Por outro lado, a participação do proletariado na Assembleia Constituinte representa um poderoso fator de democracia, que há de concorrer para novos passos em frente no caminho da liberdade e da liquidação da base econômica da reação e do fascismo.

Antes, a classe operária não podia ter representação no parlamento. Ela não havia aparecido ainda como classe independente, como classe em si e para si. Assim, na Assembleia Constituinte de 1823 não podia haver representantes da classe operária, como também não era possível em 1891. Em 1934, a presentação “classista”, como é sabido, não chegava a ser uma representação da classe operária.

Entretanto, já aí o proletariado, mais desenvolvido, melhor organizado, podia exercer pressão sobre a Assembleia, colhendo logo os resultados com a inclusão do direito de greve em dispositivo da carta constitucional.

As manifestações de então foram dirigidas pelo nosso Partido, que, desde 1923, existia como vanguarda da classe operária.

Em 1946, as condições são outras e o proletariado, numa nova fase de ascensão da democracia no mundo inteiro, por meios pacíficos, tendo à frente um Partido Comunista legal e forte, utiliza o sufrágio universal, não ainda em toda a sua plenitude, mas, pelo menos, em tal grau que lhe permite agir de dentro da própria Assembleia com uma representação relativamente numerosa.

O que isso significa para a classe operária pode dizê-lo esse escasso mês que decorreu para os trabalhos da Constituinte de 46.

Vimos toda a sorte de recursos e de manifestações reacionárias dos partidos das classes dominantes, dos senhores da terra e de todos os magnatas a serviço do capital estrangeiro colonizador.

O sufrágio universal trouxe, portanto, ao proletariado um grande benefício, que, quando mais não fosse, pelo menos, como diz Engels: “abriu à nossa representação no Parlamento uma tribuna do alto da qual pode falar a seus adversários, na câmara, e às massas, fora dela, com uma autoridade e uma liberdade muito diferente das que tem na imprensa e nos comícios”.

É evidente que a classe operária não pode ter a Assembleia Constituinte como um fim. Quer dizer, a classe operária não pode esperar que todos os seus problemas venham a ser resolvidos só com o funcionamento dessa Assembleia.

Prestes mesmo havia afirmado no seu informe ao Pleno Ampliado de janeiro que “na futura Assembleia Constituinte, os representantes das classes dominantes vacilarão inevitavelmente entre a reação e a democracia”.

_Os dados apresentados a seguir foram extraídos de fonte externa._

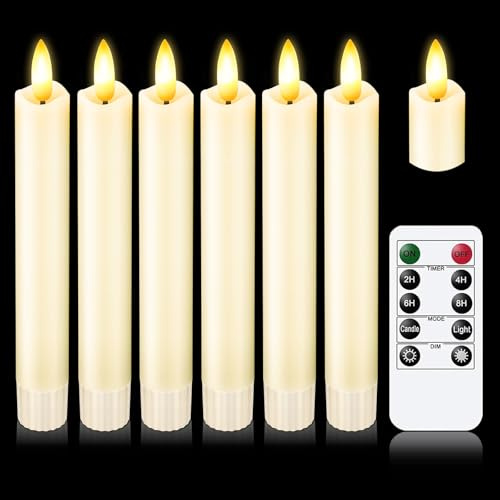 KSWING Upgraded Real Wax Short LED Flameless Taper Candles with Remote, 6 PCS Ivory Candlesticks Battery Operated 3D Flickering - 6 Realistic Fake Candle Sticks for Home/Wedding/Fireplace Xmas Decor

Na prática, os representantes dos partidos das classes dominantes têm vacilado muito mais para o lado da reação do que da democracia.

Os exemplos frisantes são o apoio descarado à carta parafascista resultante do golpe de 37, os ataques ao Partido Comunista, a resistência a assegurar a soberania da própria Assembleia, a indiferença diante da situação aflitiva das massas trabalhadoras, o receio de encarar o problema do monopólio da terra, atitudes pelas quais, até agora, se tem caracterizado a atuação da maioria e seu apêndice, o Partido Trabalhista.

A composição reacionária da Assembleia Constituinte não representa, porém, um fator decisivo para impedir a marcha da democracia para a frente.

É preciso levar em consideração que agora a Constituinte conta com a fração parlamentar comunista. O que isso representa, só o futuro poderá dizê-lo. Mas, desde já, estão à vista as consequências do fato da classe operária poder utilizar-se também da luta parlamentar.

O ensinamento que Lênin nos dá a respeito é o de que “a luta na tribuna parlamentar é obrigatória para o partido do proletariado revolucionário, a fim de educar os elementos atrasados e instruir a massa aldeã analfabeta, ignorante e embrutecida”.

A luta parlamentar proporciona, assim, os recursos para “o mais completo e sistemático desmascaramento dos que de fato fizeram uso do mandato contra os interesses do povo e da democracia”.

Em resumo, o que a experiência ensina é a necessidade de combinar a luta parlamentar com a luta extraparlamentar.

Toda e qualquer ilusão parlamentarista só poderia levar as massas trabalhadoras a uma situação de maior desespero. E é isso precisamente o que exige organizar o proletariado de forma tenaz e paciente, utilizando todos os recursos da tribuna parlamentar para arrancar os elementos mais atrasados da classe operária e do campesinato da influência das classes dominantes.

As massas se convencerão, por fim, por experiência própria, e a justeza da linha política da vanguarda, o acerto de sua estratégia e de sua tática política farão o resto.

Aí o motivo porque, dentro da paz, da ordem e da tranquilidade, o nosso Partido, encarnando as aspirações de todo o povo e da classe operária, tem sido o mais combativo defensor da soberania da Assembleia Constituinte e o mais eficiente propugnador da organização das massas trabalhadoras para o apoio a essa Assembleia e o seu fortalecimento, como meio de levar o proletariado e o povo a conhecerem os seus verdadeiros representantes e resolverem seus problemas.